Lender BMO’s Q3 numbers show even more trucking credit deterioration

Allowances and gross impaired loans both hit record highs; write-offs decline slightly

BMO's transportation group reported worsening credit conditions in trucking. (Photo: Shutterstock)

Credit conditions in trucking as measured by the quarterly earnings report of major lender BMO took a significant downturn in the three months ending July 31, though with one slightly positive sign.

Allowances taken by Canada-based BMO (NYSE: BMO) in its transportation group soared to CA$54 million ($40 million) in the third quarter. That puts the allowances figures at more than double what it was in the second and first quarters and is multiples above the allowances ever taken by the transportation group. First- and second-quarter allowances were both $24 million. They were $8 million as recently as the second quarter of 2022.

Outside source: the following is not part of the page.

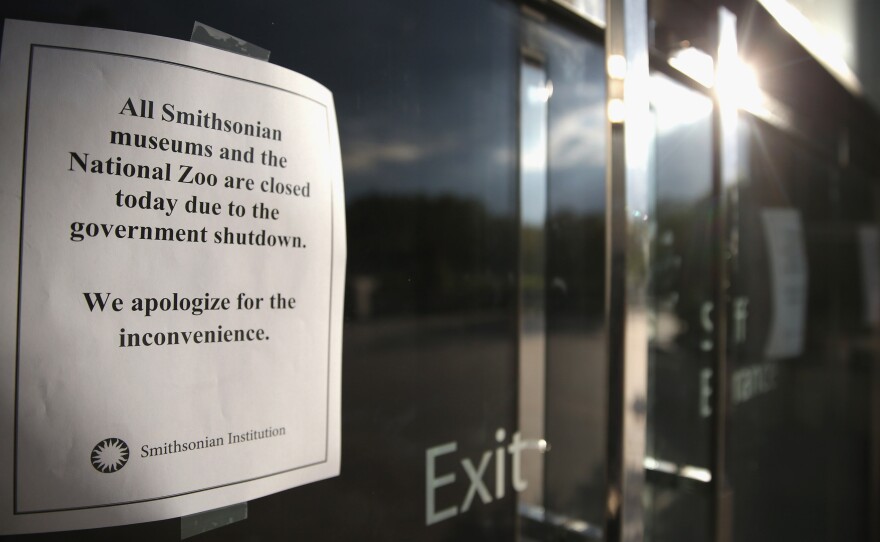 Shutdown signs have been posted at the National Museum of American History and other Smithsonian Institution museums, which will remain closed as long as the government is.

An allowance is described by Fincylopedia as being “created and maintained against potential losses and certain risks.” It is taken as a result of “management’s estimate of a certain probability that may adversely impact the value of its assets.” An allowance is taken based on historical data.

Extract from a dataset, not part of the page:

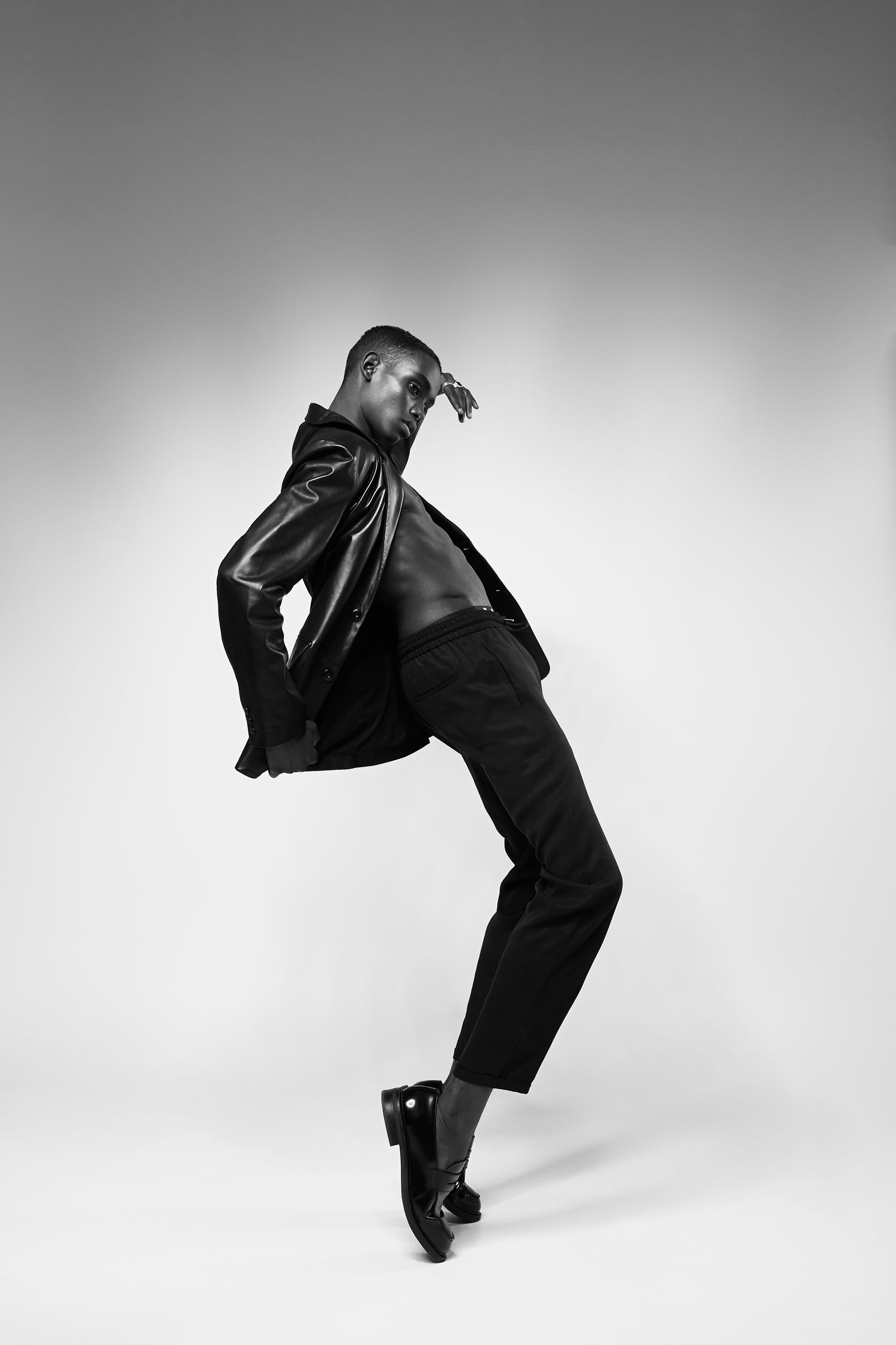 a black and white photo of a man dancing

The book of business in the transportation group of BMO, the former Bank of Montreal, is about  about 90% trucking loans. Its Canadian home is not reflective of a dominance of Canadian trucking companies in that clientele; it operates through all of North America. Given that, its quarterly report on the group’s performance provides a broad view of the level of credit weakness among the bank’s borrowers, which exceed 10,000. 

The other sign of credit weakening is the identification of gross impaired loans in BMO’s transportation group, which also set a record.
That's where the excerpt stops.